Scott McInnis, R-Colo.
McInnis gave
backhanded praise to Senate Majority Leader Tom Daschle for his legislation
that exempts his home state of South Dakota from environmental rules and
lawsuits in an effort to prevent forest fires.
Daschle's South
Dakota-only provision was discovered in a spending bill by lawmakers this
week, just before the House and Senate passed it overwhelmingly. It awaited
President Bush's signature.
"South
Dakota's wildfire problems are not isolated," McInnis, chairman of the
House subcommittee on Forest and Forest Health, wrote to Daschle.
"Indeed, catastrophic wildfire is destroying communities throughout the
American West, incinerating homes and threatening lives in Colorado,
Arizona, Utah, Oregon, New Mexico, Wyoming, Nevada, California as well as
South Dakota."
The provision
would allow logging in areas of the Black Hills deemed susceptible to
wildfires.
Efforts to
reduce the risk of catastrophic wildfire in the Black Hills have been
thwarted for more than a decade by a "continual march of appeals,
lawsuits and other frivolous objections by environmental
organizations," McInnis wrote to Daschle. "The frightening result
of this litigious campaign has been to leave a number of communities in
South Dakota susceptible to the ravages of wildland fire."
The U.S. Forest
Service, McInnis wrote, estimates 72 million acres of national forests
around the nation are at high risk of catastrophic wildfire.

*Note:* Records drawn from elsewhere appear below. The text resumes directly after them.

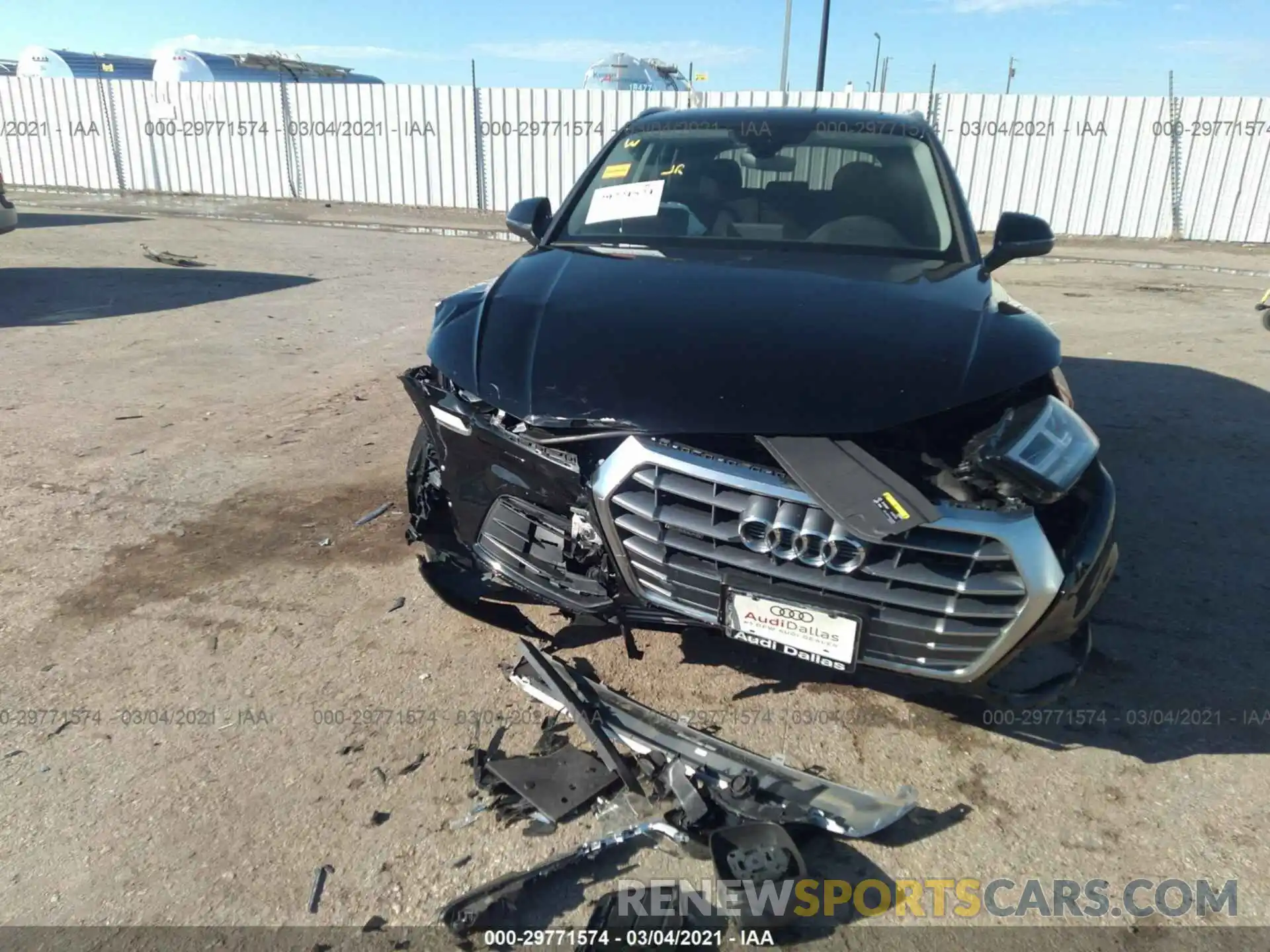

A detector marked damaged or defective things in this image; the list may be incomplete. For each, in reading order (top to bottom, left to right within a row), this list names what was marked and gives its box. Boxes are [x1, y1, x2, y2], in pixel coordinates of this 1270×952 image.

crumpled hood [427, 243, 1062, 434]
damaged front end [401, 360, 1117, 705]
broken headlight [965, 396, 1097, 508]
torn front bumper [505, 645, 914, 838]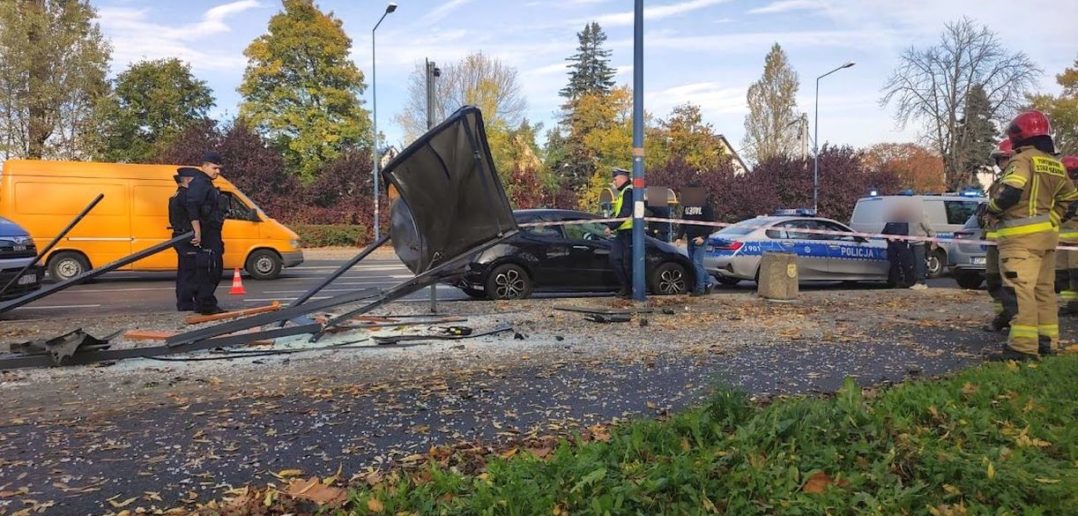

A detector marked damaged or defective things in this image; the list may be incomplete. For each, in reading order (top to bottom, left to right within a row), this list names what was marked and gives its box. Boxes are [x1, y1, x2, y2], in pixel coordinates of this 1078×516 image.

crumpled metal sheet [383, 105, 517, 274]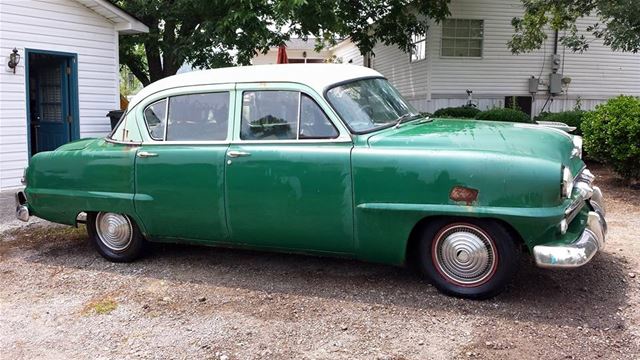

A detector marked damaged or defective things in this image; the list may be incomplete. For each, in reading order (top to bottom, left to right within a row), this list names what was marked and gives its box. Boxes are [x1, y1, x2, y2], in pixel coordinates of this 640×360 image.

rust spot on fender [452, 186, 478, 205]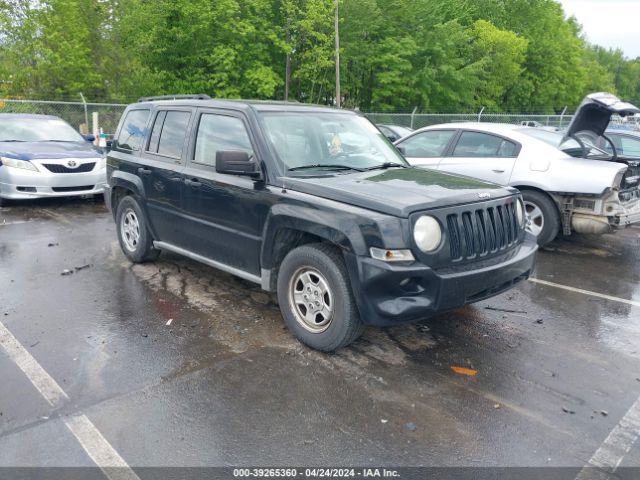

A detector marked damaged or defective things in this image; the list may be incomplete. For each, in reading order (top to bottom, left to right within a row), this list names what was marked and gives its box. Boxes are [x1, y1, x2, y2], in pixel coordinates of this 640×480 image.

black tire on damaged car [117, 195, 162, 262]
damaged white suv [396, 92, 640, 246]
black tire on damaged car [524, 188, 556, 246]
black tire on damaged car [276, 244, 364, 352]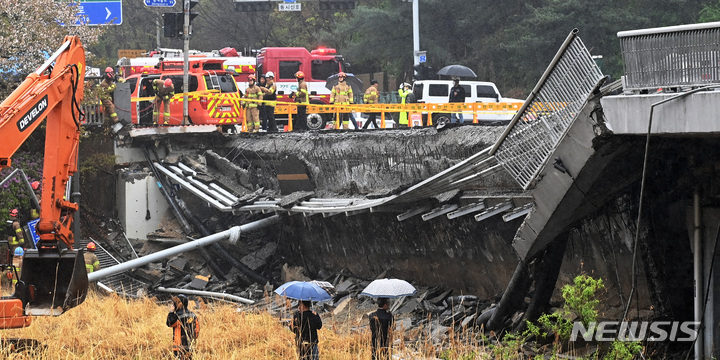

Hampered by red
tape, lawsuits and appeals, the Forest Service will reduce fire hazards on
less than 2 million of those at-risk acres this year, he said.
"This
crisis demands a swift and meaningful solution. We call on you to join with
us in pursuing it," McInnis wrote. "Prompt relief, like the
provision in the supplemental for the Black Hills National Forest, is
urgently needed for other communities at risk. After crafting an expedited
solution for the Black Hills, opposing similar solutions for other
vulnerable forests in the West would smack of hypocrisy."
McInnis also
called for "a substantial overhaul" of a system in which the
Forest Service estimates it spends 40 percent of its time on planning and
process activities.
Daschle didn't
immediately respond to McInnis' letter, said Blair Jones of McInnis'
Washington, D.C., office.
A Colorado
environmental organization dismissed the entire congressional exchange as
"false hysteria."
The Forest
Service frequently uses so-called categorical exclusions to expedite
fuels-reduction efforts, said Jeff Berman of Durango-based Colorado Wild.
Categorical
exclusions involve no public comment and no appeals, except to the courts.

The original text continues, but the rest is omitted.